STRING_PTR() can only be applied to a 'character', not a 'list'

dplyr
purrr
#1

In multiple contexts now I have encountered this cryptic error while using purrrlyr and I can't find any documentation about this (except this: https://github.com/tidyverse/tidyr/pull/362, which wasn't that helpful).

So I wanted to know what am I doing wrong here or what is this error?

library(tidyverse)
library(purrrlyr)

# dataframe
dat <-
  structure(
    list(
      vars = c("var_1", "var_2"),
      data = list(
        structure(
          list(time = 1:10, value = c(1:10)),
          row.names = c(NA, -10L),
          class = c("tbl_df", "tbl", "data.frame")
        ),
        structure(
          list(time = 1:10, value = c(11:20)),
          row.names = c(NA, -10L),
          class = c("tbl_df", "tbl", "data.frame")
        )
      ),
      mu = c(1, 2),
      stdev = c(1, 2)
    ),
    class = c("tbl_df", "tbl", "data.frame"),
    row.names = c(NA, -2L)
  )

# applying operation row-wise
dat %>%
  purrrlyr::by_row(
    .d = .,
    ..f = ~dnorm(x = .$data[[1]]$value[[1]], mean = .$mu[[1]], sd = .$stdev[[1]]),
    collate = "rows"
  )
#> Error in purrrlyr::by_row(.d = ., ..f = ~dnorm(x = .$data[[1]]$value[[1]], : STRING_PTR() can only be applied to a 'character', not a 'list'

Created on 2018-11-12 by the reprex package (v0.2.1)

0 Likes

#2

It does not resolve the issue with purrrlyr but considering how purrr has evolved I would now do something like this without purrrlyr

library(tidyverse)

# dataframe
dat <- tibble::tribble(
  ~vars,                            ~data, ~mu, ~stdev,
  "var_1",  list(time = 1:10, value = 1:10),   1,      1,
  "var_2", list(time = 1:10, value = 11:20),   2,      2
)

# applying operation row-wise using column name as argument
custom_dnorm <- function(data, mu, stdev, ...) {
  dnorm(x = data$value[[1]], mean = mu, sd = stdev)
}

# applying rowise using pmap on the df
dat %>%
  mutate(new_col = pmap_dbl(., custom_dnorm))
#> # A tibble: 2 x 5
#>   vars  data          mu stdev    new_col
#>   <chr> <list>     <dbl> <dbl>      <dbl>
#> 1 var_1 <list [2]>     1     1 0.399     
#> 2 var_2 <list [2]>     2     2 0.00000799

Created on 2018-11-13 by the reprex package (v0.2.1)

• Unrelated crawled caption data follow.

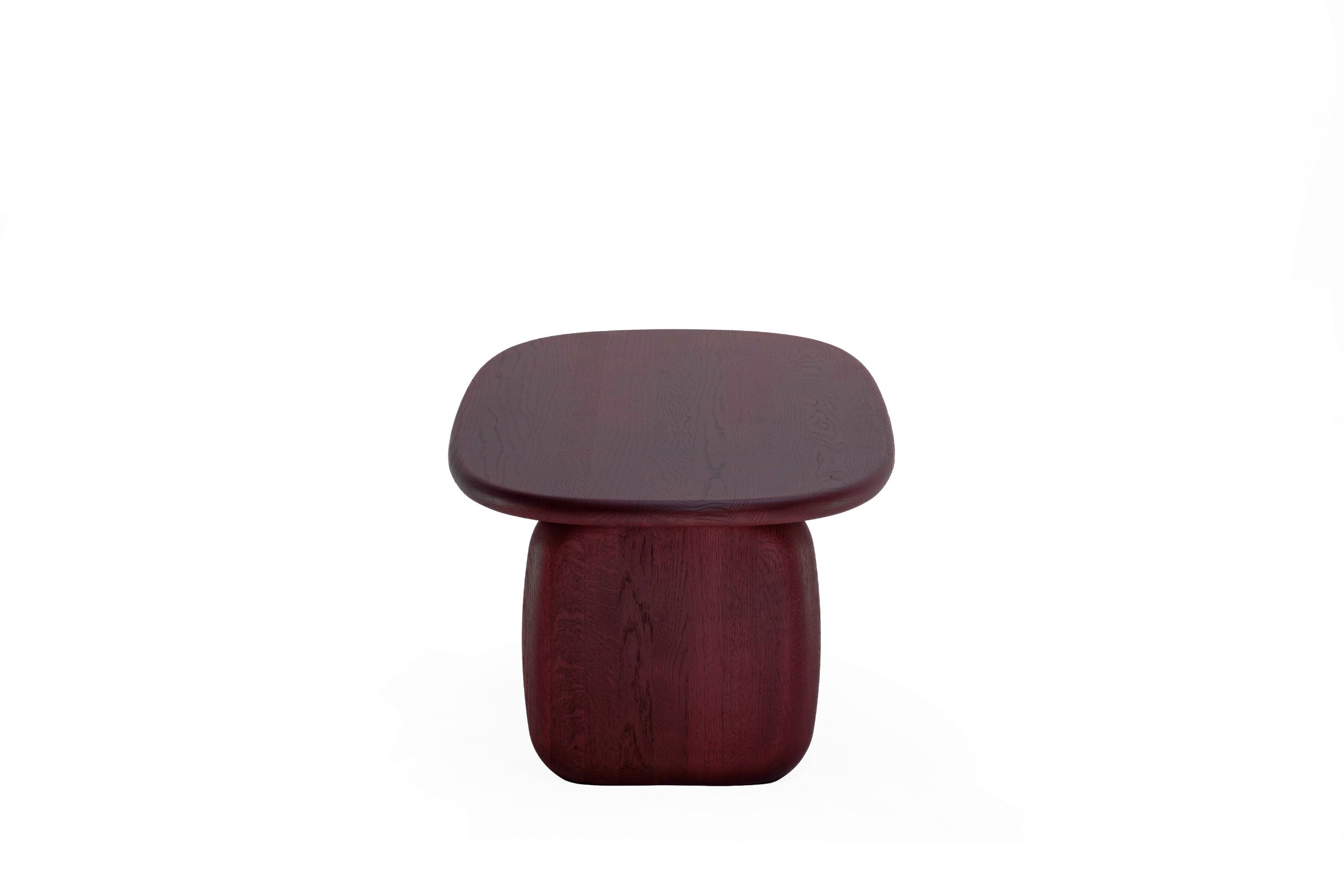 Frontansicht des CAIRN Designer Couchtisches mit ovaler Platte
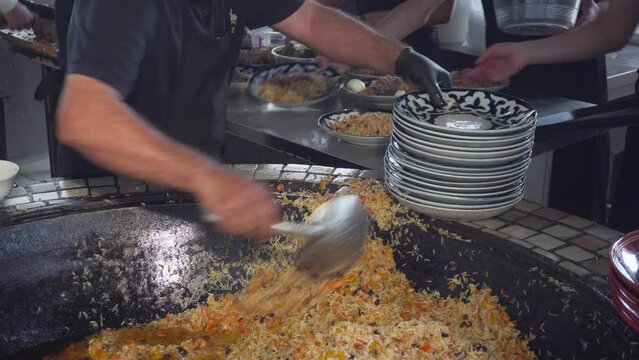 Cookers are putting plov (pilaf) on plates, Tashkent, Uzbekistan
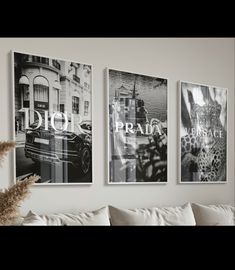 three black and white pictures hang on the wall above a couch in a living room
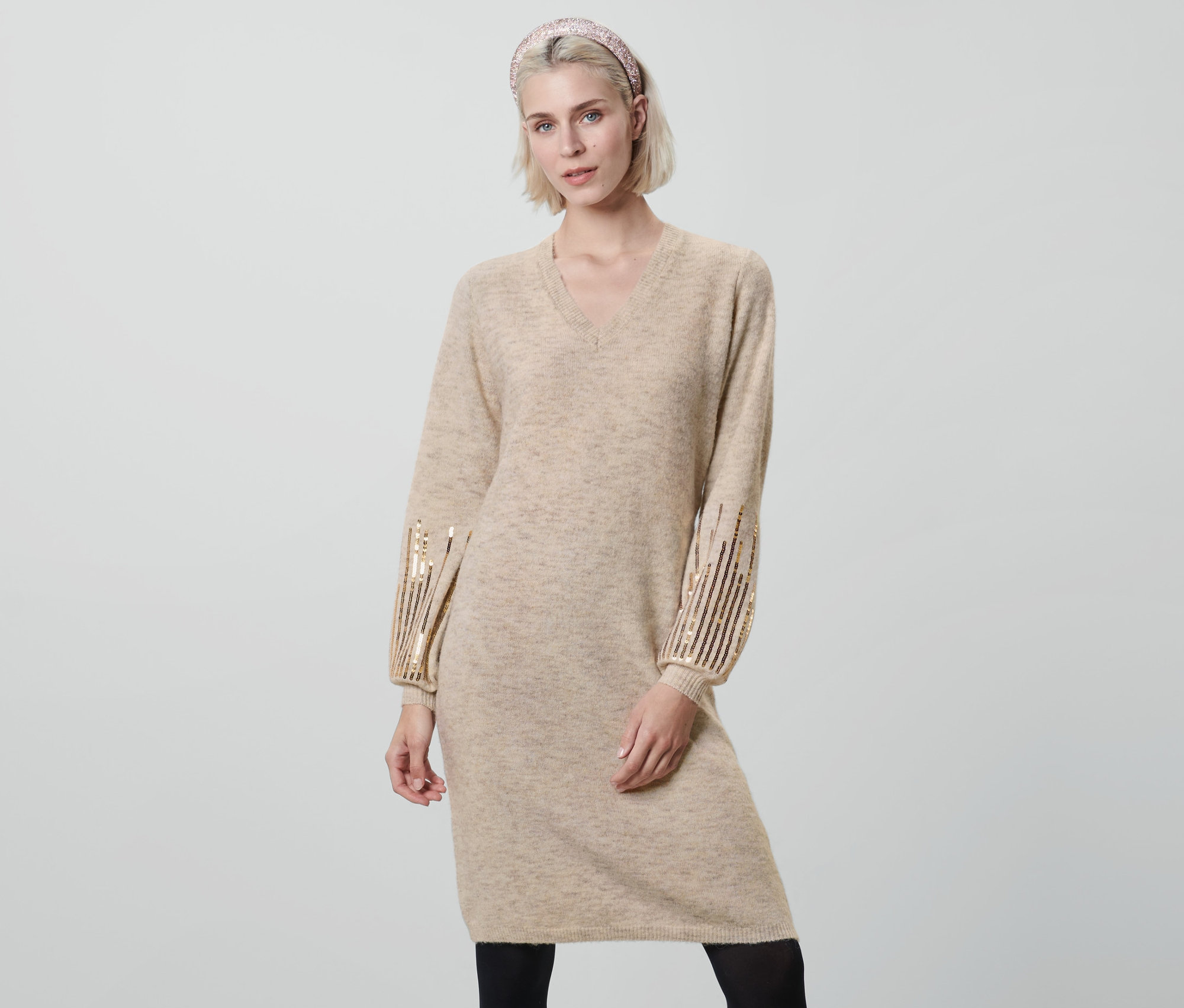 Femme posant en robe en maille beige à paillettes.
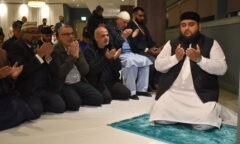 Imam Wajid Malik leads prayers in the Fenton Suite at the Riverside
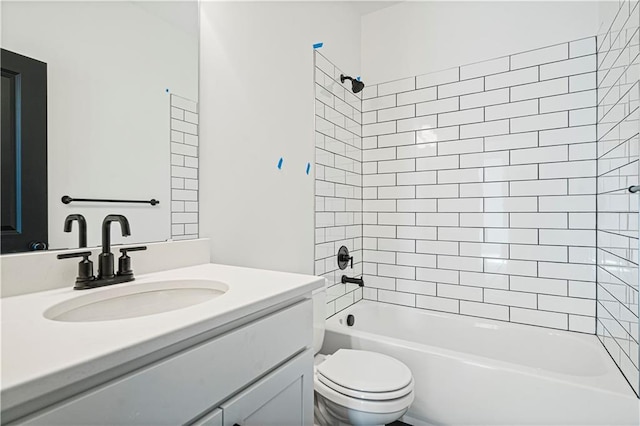 full bathroom featuring tiled shower / bath combo, vanity, and toilet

I believe this is the result you want. If not, please tell me what is is, I believe purrr can handle it.

You could be interested in those resource:



4 Likes

#3

Thanks!

But what I am actually curious about the error I am getting and not an alternative way to achieve what I want to achieve here. I find purrrlyr functions to be much more intuitive and so I use them often instead of purrr and recently I've noticed this error (with STRING_PTR()) that I find hard to decipher and to get rid of. So I wanted to know if anybody knew what was going on here.

1 Like

#4

So, please note that purrrlyr isn't actually part of the tidyverse and is in the "questioning" lifecycle phase (thus the " Please see Jenny Brian's webinar on row-oriented workflows for some alternative approaches." in the README). purrrlyr was always a somewhat experimental package (it was never part of the tidyverse, to my knowledge). So, from a tidyverse standpoint, I think @cderv's advice is on point.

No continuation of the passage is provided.